[svlug] (forw) Linux at Work

Steve Litt slitt at troubleshooters.com
Thu Jan 29 08:20:15 PST 2015


On Thu, 29 Jan 2015 00:06:51 -0800
Rick Moen <rick at linuxmafia.com> wrote:

> Quoting Scott DuBois (rhcom.linux at gmail.com):
> 
> > Being 'exposed' to something or taking a class in it doesn't mean
> > after class I would want to touch it again. Someone else makes the
> > curriculum based on whatever criteria they use, supposedly what the
> > industry wants.
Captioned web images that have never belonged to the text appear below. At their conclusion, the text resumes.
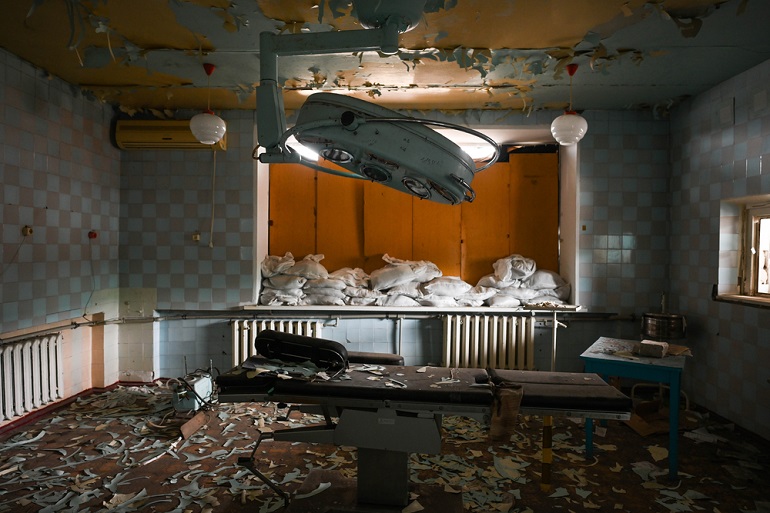 Ucrania: destrucción masiva de estructuras médicas y graves impedimentos a la asistencia sanitaria
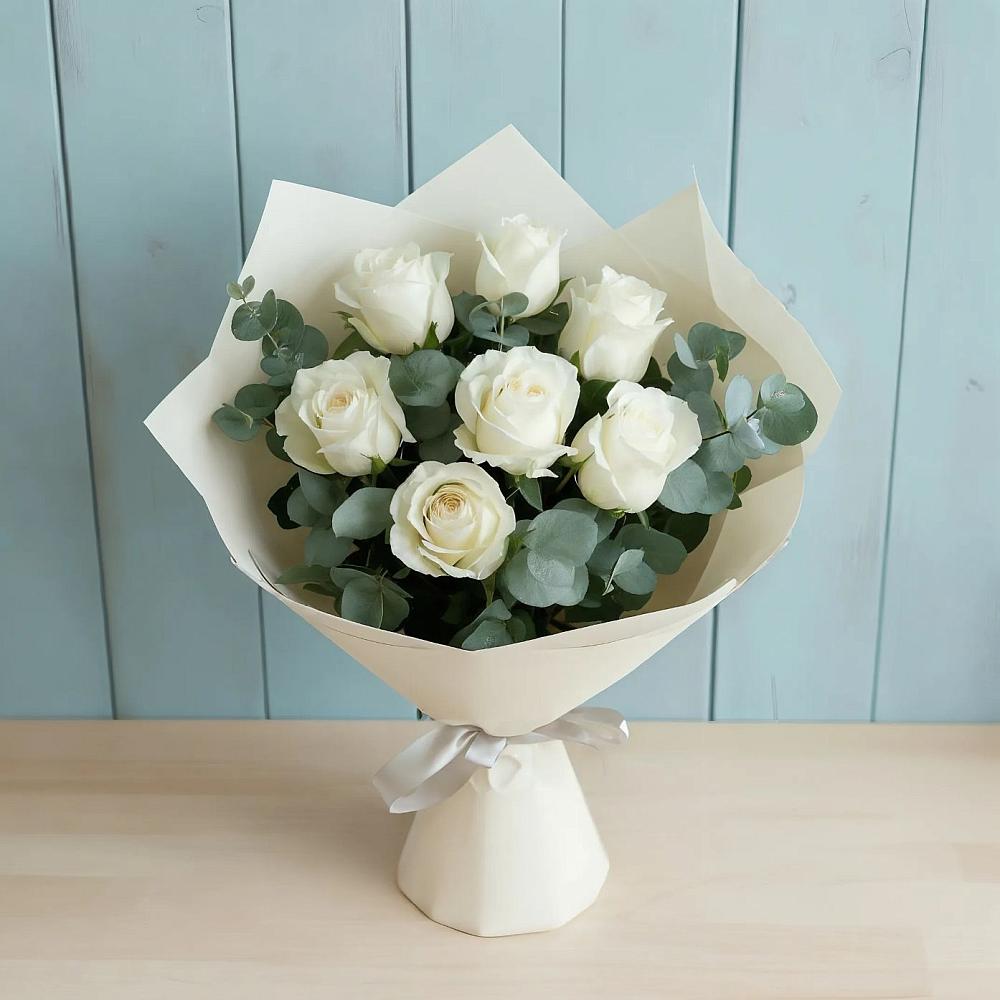 Букет Белые розы в Эвкалипте в Хиславичи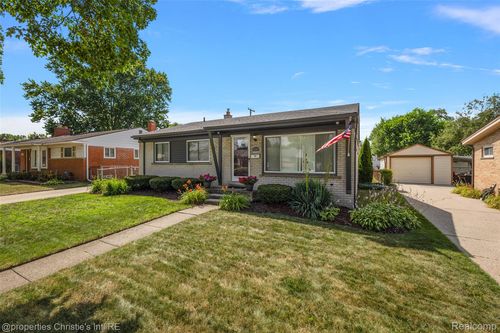 1197 Shenandoah Dr, Clawson, MI, 48017-1068 | Card Image
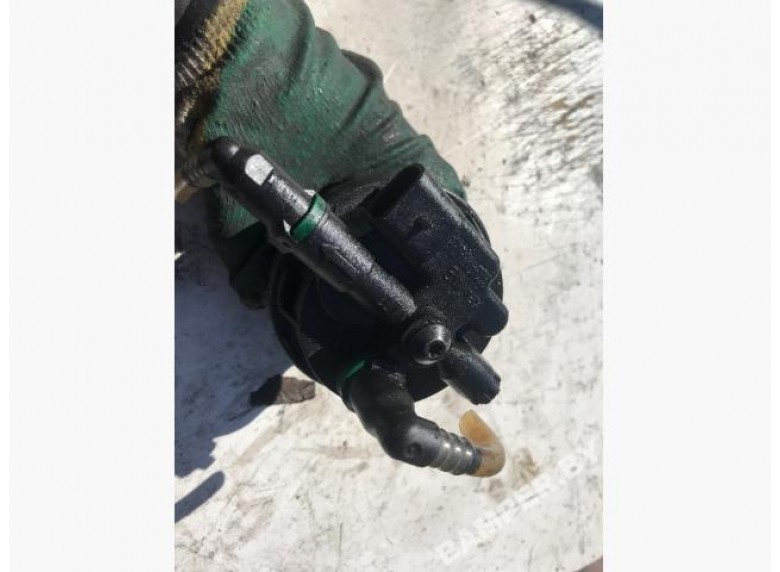 Корпус топливного фильтра к Renault Kangoo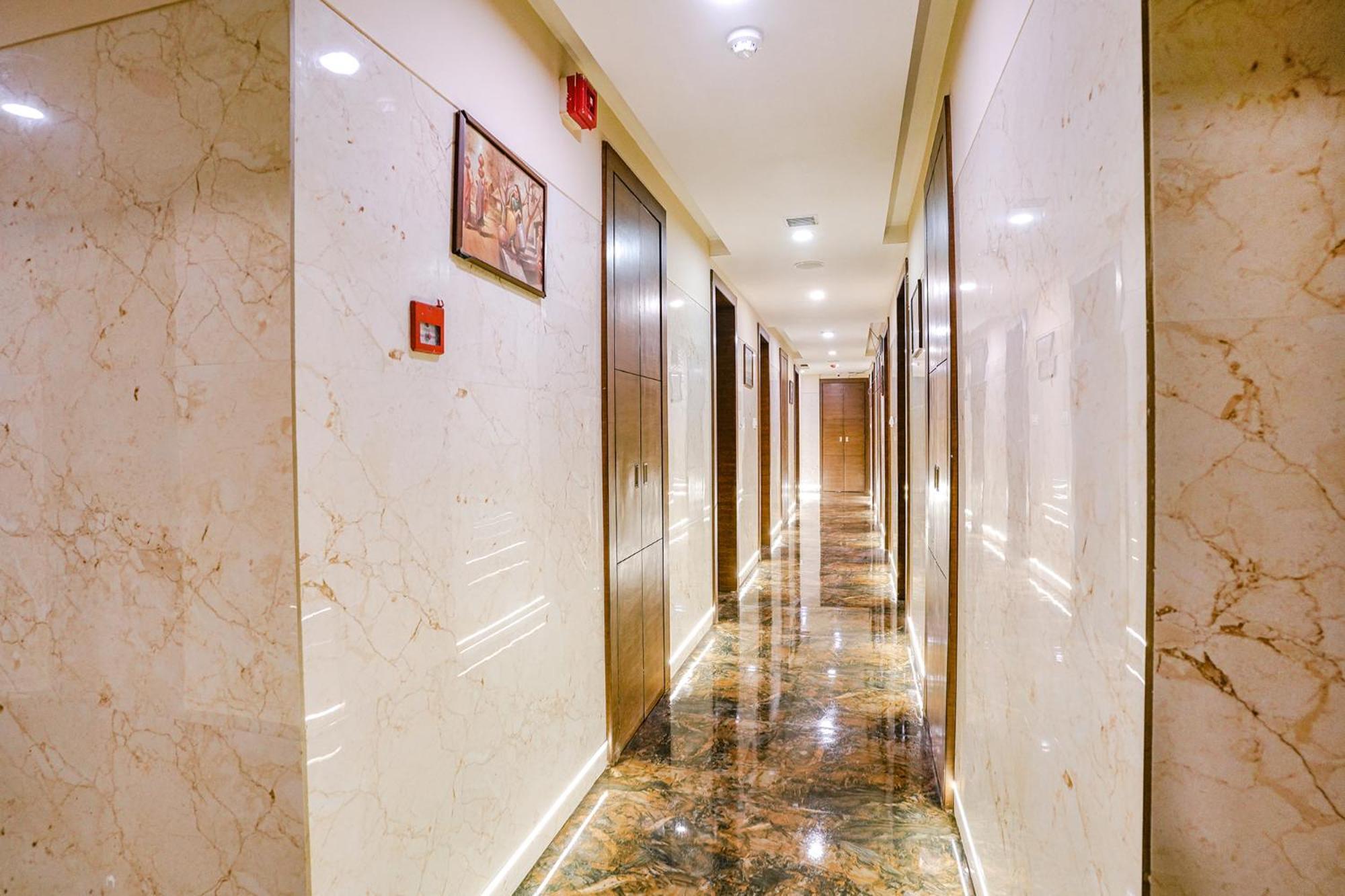 Fabhotel Vertigo Suites - Nr Bkc Bombaj Zewnętrze zdjęcie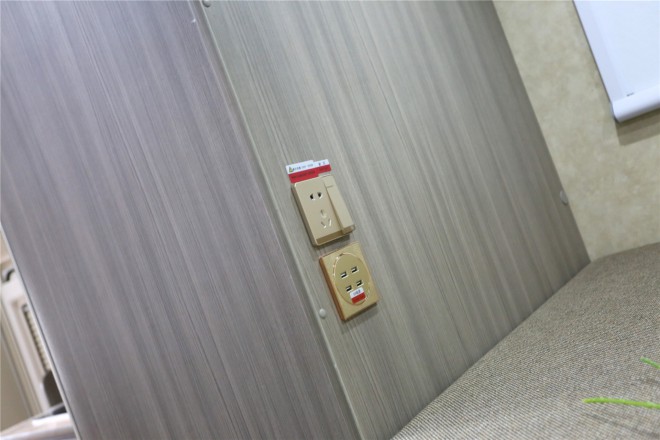 拓锐斯特依维柯C型欧畅版TIC-622 93.8万起 00001509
However, the industry is constantly complaining
> > that students are coming out of the schools not knowing the things
> > that employers _want_ them to know; so where is the disconnect?
> 
> Yeah, dunno.  All I can say is that there's been a major disconnect
> between academic computing (in most places) and real computing as long
> as I can remember.  And, most firms in my experience, your academic
> credentials being in computer fields really isn't worth much to hiring
> managers.

I have nothing but great things to say about my programming education
at Santa Monica Community College, 1983-1987 (not a degree, I was just
taking classes for twenty bucks a class). IIRC they offered only
Pascal, Cobol and Basic (I dropped Basic, three classes were too much
for a guy who worked full time). It would be years before they offered
C. So yes, there was a disconnect. BUT...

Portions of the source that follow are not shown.